4. Previously you stated in your FOI to us that you test 5G on campus ’several times a month’.

5. You stated this about safety: “It is clearly important that the public are reassured that the University is conducting research in a safe, ethical and sustainable manner. We also acknowledge that the University has a duty to reassure the public that research undertaken at the university does not negatively affect their health or the environment in which they live.”

We as the UK public stated in 3. have a right to know the details requested in the last FOI for the reasons stated in 3.

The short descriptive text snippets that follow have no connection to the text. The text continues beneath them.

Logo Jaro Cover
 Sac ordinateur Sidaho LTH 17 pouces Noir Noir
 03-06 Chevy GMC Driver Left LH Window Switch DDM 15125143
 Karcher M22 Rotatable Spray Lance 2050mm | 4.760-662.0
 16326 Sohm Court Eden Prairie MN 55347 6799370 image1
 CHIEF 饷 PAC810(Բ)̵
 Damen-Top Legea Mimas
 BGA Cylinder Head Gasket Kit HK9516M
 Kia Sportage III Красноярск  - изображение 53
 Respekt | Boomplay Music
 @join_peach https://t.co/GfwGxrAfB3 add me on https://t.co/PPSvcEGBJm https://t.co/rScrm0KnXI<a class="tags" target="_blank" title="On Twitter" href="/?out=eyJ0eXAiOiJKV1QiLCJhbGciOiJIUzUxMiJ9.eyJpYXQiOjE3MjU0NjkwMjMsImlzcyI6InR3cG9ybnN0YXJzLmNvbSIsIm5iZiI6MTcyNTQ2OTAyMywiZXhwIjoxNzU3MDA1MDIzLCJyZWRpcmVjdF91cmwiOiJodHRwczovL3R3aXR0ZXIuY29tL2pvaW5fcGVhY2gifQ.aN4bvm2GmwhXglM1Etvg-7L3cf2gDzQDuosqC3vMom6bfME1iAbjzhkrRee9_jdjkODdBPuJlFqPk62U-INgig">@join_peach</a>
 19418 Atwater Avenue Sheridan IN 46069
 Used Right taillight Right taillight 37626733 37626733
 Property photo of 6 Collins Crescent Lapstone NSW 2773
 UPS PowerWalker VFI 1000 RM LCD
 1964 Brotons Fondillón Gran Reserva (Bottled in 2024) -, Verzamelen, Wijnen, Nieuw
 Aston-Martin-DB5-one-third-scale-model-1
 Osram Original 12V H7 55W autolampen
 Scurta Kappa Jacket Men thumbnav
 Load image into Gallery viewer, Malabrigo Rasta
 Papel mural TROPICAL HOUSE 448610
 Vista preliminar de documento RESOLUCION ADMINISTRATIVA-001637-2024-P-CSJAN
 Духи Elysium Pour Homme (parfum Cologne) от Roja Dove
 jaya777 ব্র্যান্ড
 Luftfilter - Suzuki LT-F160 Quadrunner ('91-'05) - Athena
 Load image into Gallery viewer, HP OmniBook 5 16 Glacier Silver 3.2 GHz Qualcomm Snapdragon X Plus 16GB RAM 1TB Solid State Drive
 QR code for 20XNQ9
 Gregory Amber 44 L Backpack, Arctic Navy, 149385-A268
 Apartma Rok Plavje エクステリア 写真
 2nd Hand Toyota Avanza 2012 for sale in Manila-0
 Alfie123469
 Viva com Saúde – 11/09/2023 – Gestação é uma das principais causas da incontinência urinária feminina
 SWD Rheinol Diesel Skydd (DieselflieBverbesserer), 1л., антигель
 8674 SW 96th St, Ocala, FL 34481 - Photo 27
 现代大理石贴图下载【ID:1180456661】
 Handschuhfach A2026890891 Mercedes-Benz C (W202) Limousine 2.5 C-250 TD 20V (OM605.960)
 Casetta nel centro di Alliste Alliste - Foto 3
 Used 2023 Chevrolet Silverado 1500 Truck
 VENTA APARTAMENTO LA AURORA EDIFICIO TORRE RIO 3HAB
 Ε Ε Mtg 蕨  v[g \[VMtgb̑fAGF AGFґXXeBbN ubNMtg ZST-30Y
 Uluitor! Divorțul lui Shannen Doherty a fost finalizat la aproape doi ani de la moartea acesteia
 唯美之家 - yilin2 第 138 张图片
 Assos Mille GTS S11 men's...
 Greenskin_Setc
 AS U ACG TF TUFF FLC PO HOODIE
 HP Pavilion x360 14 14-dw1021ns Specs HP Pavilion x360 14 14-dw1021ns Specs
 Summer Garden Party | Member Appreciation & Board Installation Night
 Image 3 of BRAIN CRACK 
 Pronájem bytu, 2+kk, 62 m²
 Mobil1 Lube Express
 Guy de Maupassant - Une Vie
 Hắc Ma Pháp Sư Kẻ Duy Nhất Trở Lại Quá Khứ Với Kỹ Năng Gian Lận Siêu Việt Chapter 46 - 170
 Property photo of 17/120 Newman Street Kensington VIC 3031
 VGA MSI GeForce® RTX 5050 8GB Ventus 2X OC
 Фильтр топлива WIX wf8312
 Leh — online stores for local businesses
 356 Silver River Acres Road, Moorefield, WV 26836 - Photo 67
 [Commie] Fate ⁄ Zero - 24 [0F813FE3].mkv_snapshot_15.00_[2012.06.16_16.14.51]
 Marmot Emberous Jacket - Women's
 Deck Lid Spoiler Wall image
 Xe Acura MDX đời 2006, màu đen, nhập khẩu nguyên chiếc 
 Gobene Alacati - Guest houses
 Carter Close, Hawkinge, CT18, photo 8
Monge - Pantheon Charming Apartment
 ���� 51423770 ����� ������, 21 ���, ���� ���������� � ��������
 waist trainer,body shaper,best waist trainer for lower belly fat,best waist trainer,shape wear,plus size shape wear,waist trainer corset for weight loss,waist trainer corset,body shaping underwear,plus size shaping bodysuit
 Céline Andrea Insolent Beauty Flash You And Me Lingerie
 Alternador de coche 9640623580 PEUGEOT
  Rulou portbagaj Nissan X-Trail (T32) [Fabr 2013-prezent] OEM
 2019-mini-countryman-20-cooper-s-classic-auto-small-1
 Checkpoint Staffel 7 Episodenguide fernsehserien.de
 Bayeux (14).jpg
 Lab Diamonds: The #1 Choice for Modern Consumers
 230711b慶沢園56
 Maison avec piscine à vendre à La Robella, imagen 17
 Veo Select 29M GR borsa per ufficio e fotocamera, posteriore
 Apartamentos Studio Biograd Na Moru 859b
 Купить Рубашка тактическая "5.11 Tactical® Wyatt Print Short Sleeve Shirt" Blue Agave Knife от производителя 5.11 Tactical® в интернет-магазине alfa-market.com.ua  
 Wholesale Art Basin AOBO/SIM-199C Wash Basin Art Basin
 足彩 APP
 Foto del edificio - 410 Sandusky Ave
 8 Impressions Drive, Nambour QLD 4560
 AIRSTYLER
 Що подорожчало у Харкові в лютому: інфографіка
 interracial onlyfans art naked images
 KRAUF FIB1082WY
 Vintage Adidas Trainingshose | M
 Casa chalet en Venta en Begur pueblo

6. Knowing the dates of when the experiments took place in the past do not correlate with your unwillingness to share the information. This is past information and just the dates, frequencies and power ratings used cannot be used by any organisation to the detriment of the staff and students of Bristol University. We’d like to know the dates all tests were made as per our previous FOI request, as this is of public interest, so all parents, students and residents in and around Bristol university can use this information for their own benefit.

7. The interested parties as stated in 3. need to understand the technology you use and who makes it, so we can understand the sources of patents and ownership. Our interest is in the public interest, as we need to be able to understand if there are any direct or indirect links with the military through working with certain partners and corporations. If this remains secret to Bristol University, then parents, students and the wider public cannot make informed decisions.

8. Can you state whether or not that the suicide and sudden death of student of Bristol University students is in relation to any RF testing you’re conducting in your labs, campus or in and around the public?